**WORK ITEM**
The line containing "C407A Marathon 7.5", and every line after it to the end of the listing, should be repeated exactly; the pictures should not.

**DATASET CONTENT**
BEGIN
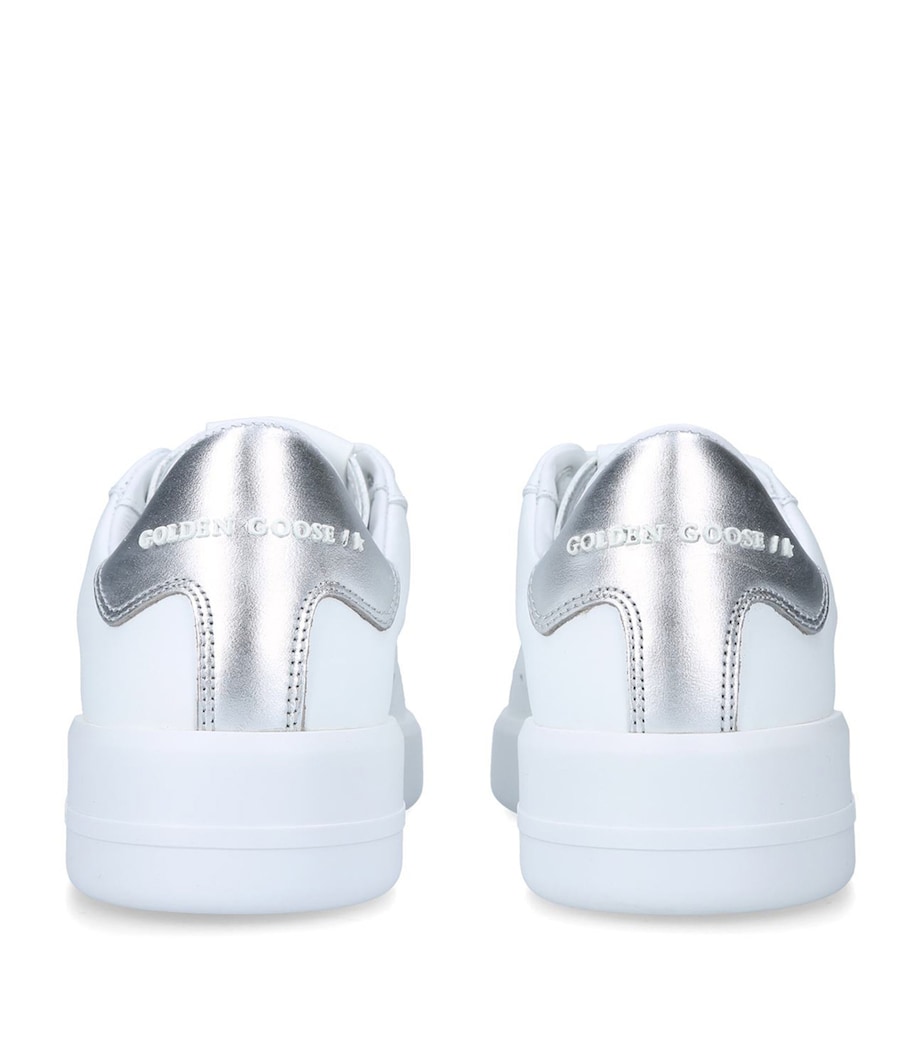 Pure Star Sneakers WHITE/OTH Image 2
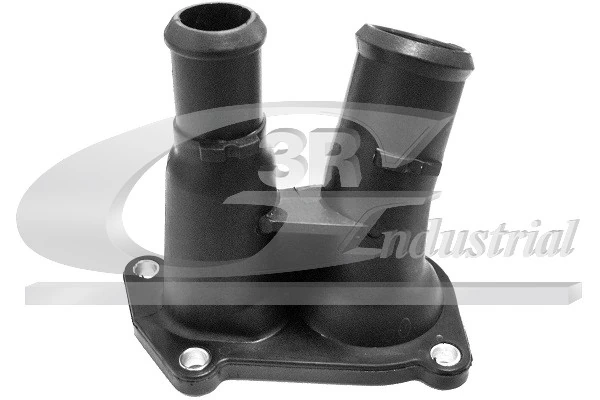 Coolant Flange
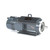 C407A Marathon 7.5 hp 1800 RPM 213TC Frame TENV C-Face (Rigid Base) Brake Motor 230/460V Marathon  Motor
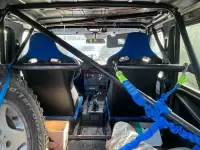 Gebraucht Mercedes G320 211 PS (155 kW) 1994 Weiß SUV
END
**WRITTEN REPLY**
 C407A Marathon 7.5 hp 1800 RPM 213TC Frame TENV C-Face (Rigid Base) Brake Motor 230/460V Marathon  Motor
 Gebraucht Mercedes G320 211 PS (155 kW) 1994 Weiß SUV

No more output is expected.